▶ EXERCISE GOAL: From the line containing "Island, NY 11964" down to the last line of the listing, quote everything word for word, and nothing else, keeping pictures out.

(DATASET EXCERPTS)

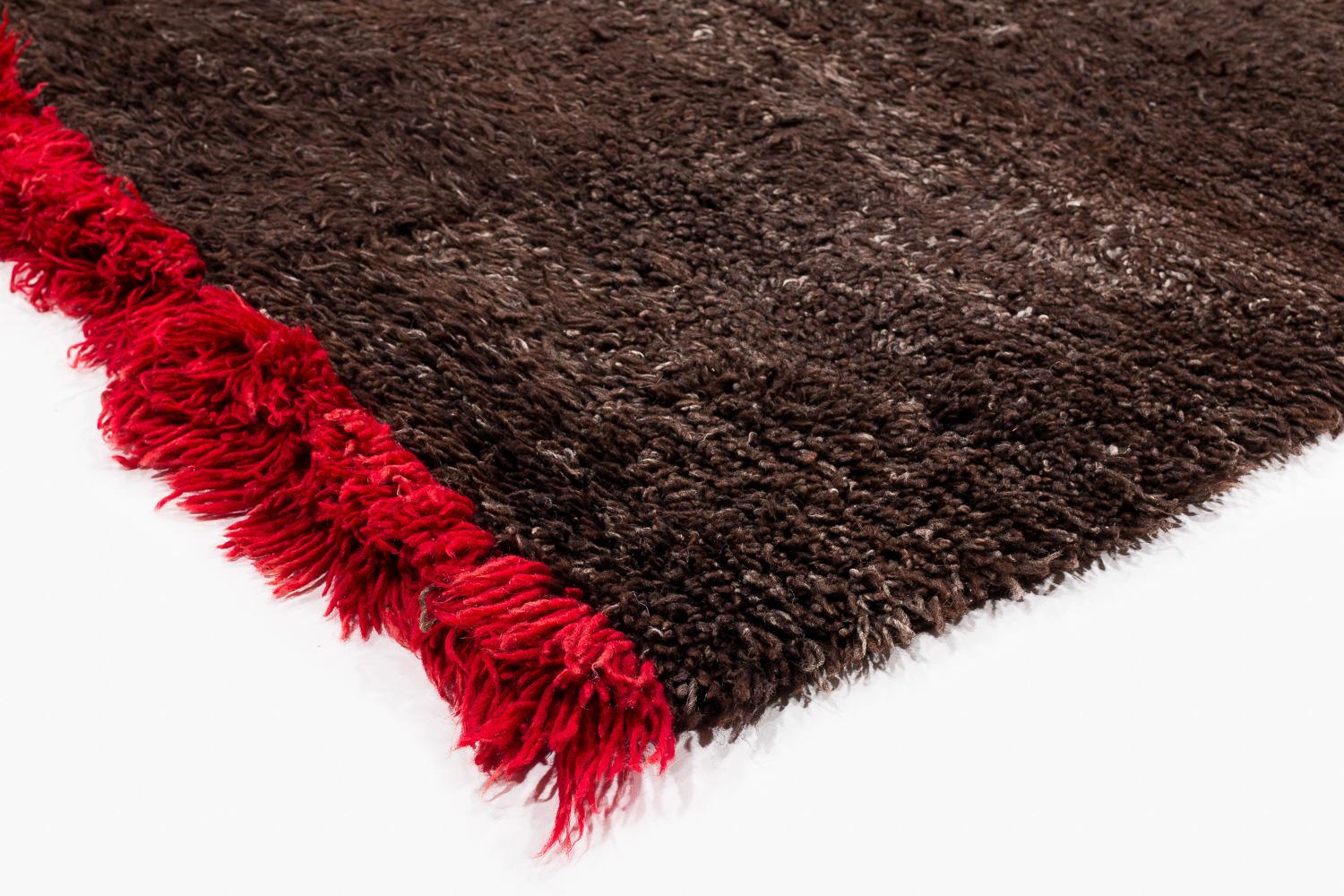 Vintage Tibetan Brown Shag Wolle Decke oder Teppich mit rotem Ende Panel 6'2'' x 6'2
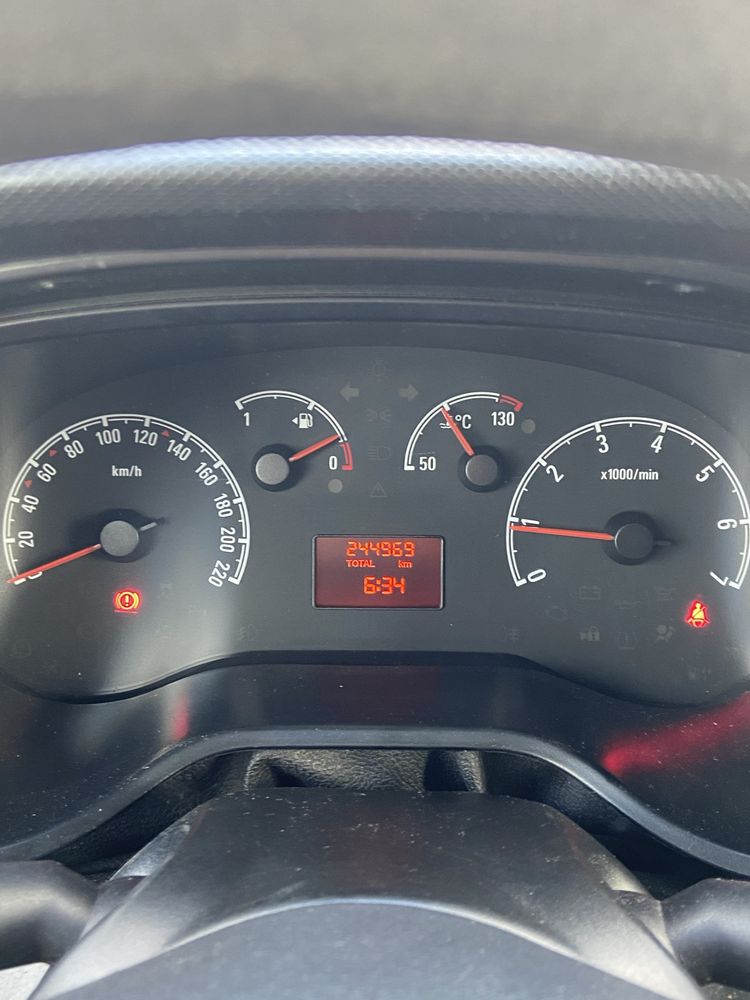 Opel Combo.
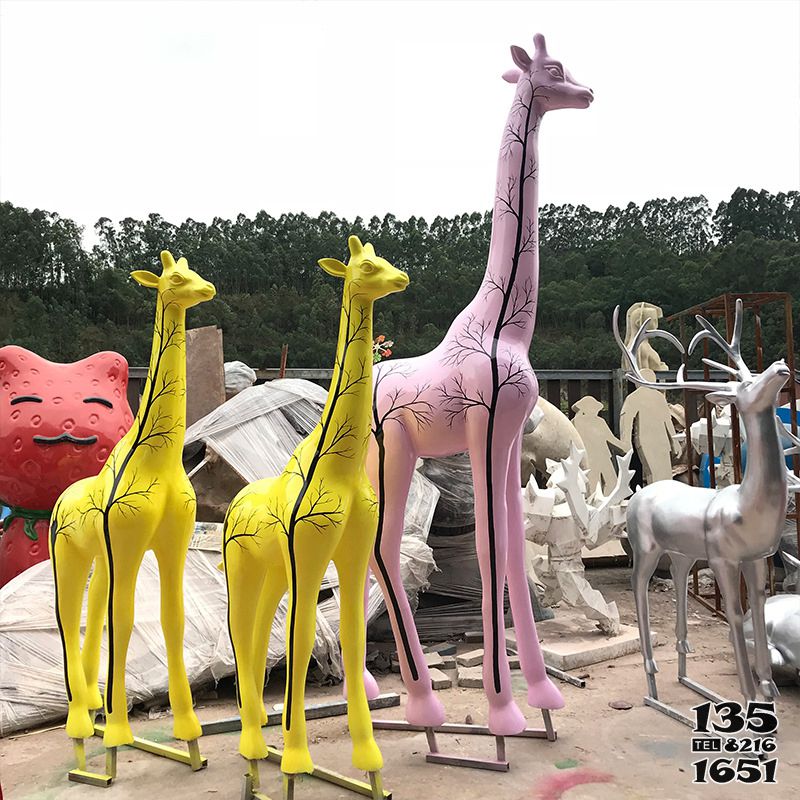 长颈鹿雕塑-公园景区玻璃钢彩绘长颈鹿雕塑高清图片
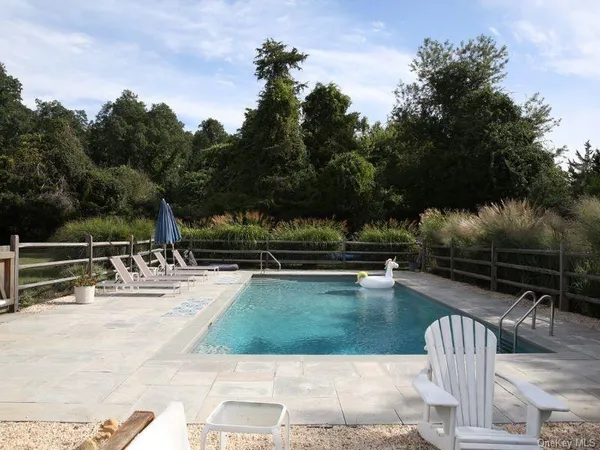 $2,485,000 | 14 Freds Lane, Shelter Island, NY 11964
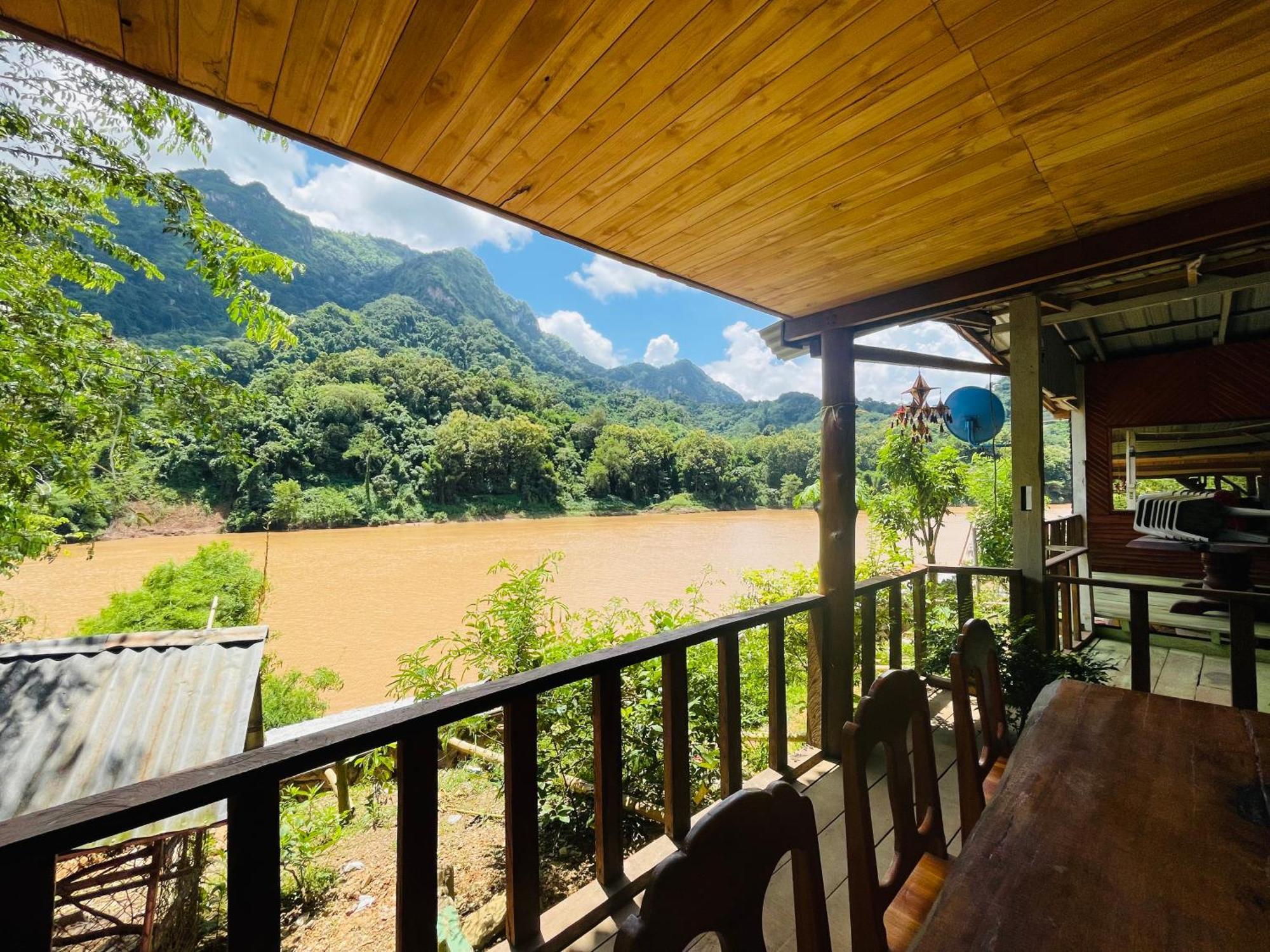 Nong Khiaw Ing Ing Mountain View Bed & Breakfast Dış mekan fotoğraf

(End DATASET EXCERPTS)

▶ SOLUTION TO THE EXERCISE:
 $2,485,000 | 14 Freds Lane, Shelter Island, NY 11964
 Nong Khiaw Ing Ing Mountain View Bed & Breakfast Dış mekan fotoğraf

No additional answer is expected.